12. A method for compensating for bad dot forming elements on a print head supporting a plurality of dot forming elements arranged in complementary dot forming element groups by section, to prevent artifacts in printing on an image receiver, the method comprising the steps of:

a. identifying each bad dot forming element;

b. zeroing out the corresponding bad dot forming element line (nj) in a mask;

c. identifying and setting up a threshold for each complementary dot forming element group corresponding to one or more bad dot forming elements;

d. creating a compensation print mask having one or more intermediate print sections by using one or more rows of a blue noise matrix and the thresholds for the complementary dot forming elements to reassign printing duty cycle from the bad dot forming elements to the respective complementary dot forming elements; and

e. printing using the compensation print mask.

13. The method according to claim 12, further comprising not altering the compensation print mask for printing in a region where the image receiver is contacted by more than one set of rollers.

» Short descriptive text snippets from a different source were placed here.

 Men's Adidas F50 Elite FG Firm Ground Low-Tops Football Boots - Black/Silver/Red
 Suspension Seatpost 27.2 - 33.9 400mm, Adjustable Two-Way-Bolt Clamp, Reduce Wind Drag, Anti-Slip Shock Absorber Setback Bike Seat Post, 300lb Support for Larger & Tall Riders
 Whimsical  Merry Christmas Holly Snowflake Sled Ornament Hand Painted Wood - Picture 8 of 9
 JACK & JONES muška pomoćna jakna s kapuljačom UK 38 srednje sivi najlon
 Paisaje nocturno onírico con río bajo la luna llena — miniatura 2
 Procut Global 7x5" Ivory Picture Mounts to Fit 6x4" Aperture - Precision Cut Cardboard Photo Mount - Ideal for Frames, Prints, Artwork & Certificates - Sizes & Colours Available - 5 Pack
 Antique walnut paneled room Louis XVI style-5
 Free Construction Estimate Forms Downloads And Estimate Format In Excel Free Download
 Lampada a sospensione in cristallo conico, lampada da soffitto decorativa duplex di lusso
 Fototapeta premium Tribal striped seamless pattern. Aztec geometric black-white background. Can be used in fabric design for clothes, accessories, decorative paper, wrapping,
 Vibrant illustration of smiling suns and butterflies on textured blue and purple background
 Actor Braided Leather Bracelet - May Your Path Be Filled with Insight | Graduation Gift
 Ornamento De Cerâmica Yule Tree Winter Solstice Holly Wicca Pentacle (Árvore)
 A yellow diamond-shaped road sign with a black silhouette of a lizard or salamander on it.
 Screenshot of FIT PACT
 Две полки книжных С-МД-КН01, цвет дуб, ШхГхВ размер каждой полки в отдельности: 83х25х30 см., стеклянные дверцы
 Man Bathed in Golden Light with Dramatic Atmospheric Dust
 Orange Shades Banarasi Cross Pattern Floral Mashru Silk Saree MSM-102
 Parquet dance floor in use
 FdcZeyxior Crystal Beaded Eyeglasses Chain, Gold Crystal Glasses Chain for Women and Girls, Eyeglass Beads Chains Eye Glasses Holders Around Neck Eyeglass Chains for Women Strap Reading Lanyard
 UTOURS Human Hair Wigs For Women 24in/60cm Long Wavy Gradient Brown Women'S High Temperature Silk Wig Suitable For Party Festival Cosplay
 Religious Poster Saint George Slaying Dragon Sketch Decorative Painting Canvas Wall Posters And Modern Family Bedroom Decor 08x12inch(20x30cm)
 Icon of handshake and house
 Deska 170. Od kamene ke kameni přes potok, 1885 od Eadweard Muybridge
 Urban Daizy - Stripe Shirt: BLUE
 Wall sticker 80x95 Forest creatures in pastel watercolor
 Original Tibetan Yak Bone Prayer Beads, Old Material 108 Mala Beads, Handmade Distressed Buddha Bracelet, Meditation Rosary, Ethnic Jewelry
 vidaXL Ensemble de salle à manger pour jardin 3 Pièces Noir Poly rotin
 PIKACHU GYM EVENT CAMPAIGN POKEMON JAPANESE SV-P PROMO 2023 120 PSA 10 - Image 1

14. The method according to claim 12, wherein using the compensation print mask comprises using the compensation print mask as an intermediate mask which is subsequently altered for printing in a region where the image receiver is not contacted by more than one set of rollers.

15. The method according to claim 14, wherein the image receiver, when it is not contacted by more than one set of rollers, is moved by a micro-movement page advance distance which is much less than the image receiver is moved in a region where it is contacted by more than one set of rollers.

16. The method according to claim 15, wherein the micro-movement page advance distance comprises a movement distance that is between 0.5% and 5% of a length in a page advance direction.

17. The method according to claim 14, wherein the altering of the intermediate mask comprises successively shifting mask data in the intermediate mask as part of the process of forming successive sub masks to be used in the region where the image receiver is not contacted by more than one set of rollers.

18. The method according to claim 14, wherein the altering of the intermediate mask comprises individually modifying the intermediate mask to from each altered mask to be used in the region where the image receiver is not contacted by more than one set of rollers.

19. The method according to claim 14, wherein the image receiver is advanced at a first distance prior to passing a transition position, and switching to a second image receiver advance distance after the print head has moved past the transition position.

20. The method according to claim 14, further comprising storing the compensation print mask in temporary memory.